Republicans, an endangered species in California, love to slur Jerry Brown. Rush Limbaugh, the former drug addict, recently called him “anti-American,” which is funny, since Limbaugh’s hero, Trump, seems to have sold out America to the Russians. InfoWars, the white supremacist website of the rightwing agitator, Alex Jones, just broadcast, “Jerry Brown, you have destroyed the state of California!” This is arrant nonsense, of course, but most Trump lovers don’t live in California—we don’t want them here—and so they have no idea that Alex Jones and all the other California bashers are manipulative liars throwing red meat to their under-educated, provincial base. Among actual Californians—we who know and love Jerry, and understand how he has governed during his four terms—actually rate him highly, with a recent Fox poll (!!) giving him a 54% approval rating, which is quite good for a sitting governor.

The right wing’s latest complaint against Jerry Brown is that Brown has refused to comply with Trump’s request (actually a demand) to deploy California National Guard troops to the Mexican border in order to help round up undocumented immigrants. Gov. Brown rightly said “Hell, no” (I paraphrase), although he didn’t rule it out: he just asked for a little more information about what they would actually do.

But Trump, naturally, misrepresented Brown’s position, and took to his favorite propaganda outlet, Twitter, to rant, Looks like Jerry Brown and California are not looking for safety and security along their very porous Border. He cannot come to terms for the National Guard to patrol and protect the Border. The high crime rate will only get higher. Much wanted Wall in San Diego already started!”

This comment is typical of Trump in its unsubstantiated smears and lies (“not looking for safety and security”), misrepresentations (“high crime rate”) and deceptions (“cannot come to terms.”)

To insult Gov. Brown by stating he’s “not looking for safety” is McCarthyite, not surprising for a man, Trump, whose mentor was the notorious red baiter, smear artist and deeply closeted, albeit homophobic, homosexual, Roy Cohn. The border areas of California actually have “lower violent crime rates than other places,” according to the F.B.I.

As for that “cannot come to terms” crack, it deliberately and misleadingly implies that Gov. Brown is at odds with California National Guard he commands. That is a lie. Trump would have more accurately used the term if he had tweeted, “My wife, Melania, cannot come to terms with my sexual perversions and serial adultery.” The California National Guard itself, in a formal statement, insisted, “state officials have not rejected anything” when it comes to sending troops to the border, and they suggested instead that “the federal government”—Donald Trump’s government—has “not responded” to Brown’s request for further information on how the troops would be used.

CBS News quoted a spokesperson for Trump’s own Homeland Security department, Tyler Houghton, as saying “the federal government is committed to working with Gov.
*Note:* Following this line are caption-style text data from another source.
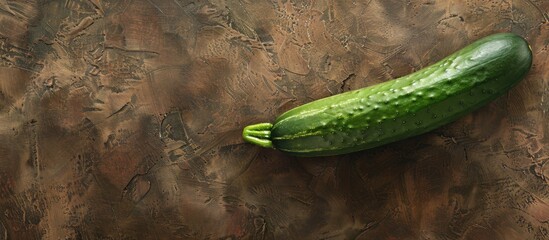 Wall Mural - Top view of a cucumber placed on a brown background with ample copy space image for text or designs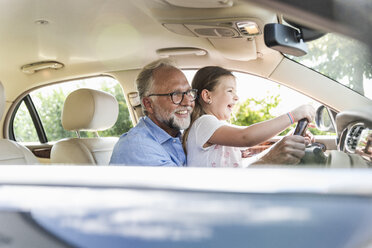 Little girl sitting on lap of grandfather, pretending to steer the car - UUF14568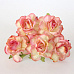 Букет больших кудрявых роз "Розовый с желтым", 4 см, 5 шт (Craft)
Brown.” Meanwhile, Brown himself, in remarks on Monday at the National Press Club, took the high road. “We want to be cooperative,” he insisted. “I think we can find common understanding here, there’s enough problems at the border and the interface between our countries, California will have plenty to do, and we’re willing to do it.”

 Here’s the truth, although it’s not likely Republicans can accept it. Jerry Brown remains wildly popular in California. After all, we’ve elected him a historic four times, and would probably do so again were he to remain healthy and run for re-election (he isn’t). California is by far the richest, most powerful, most job-producing, most educated, most technologically advanced, most diverse and most innovative state in the country, and we’ve gotten there under Jerry Brown’s historic leadership. One can’t help but suspect that those rural Red State Trump supporters who are hating on California and Jerry Brown are just jealous, as well they should be!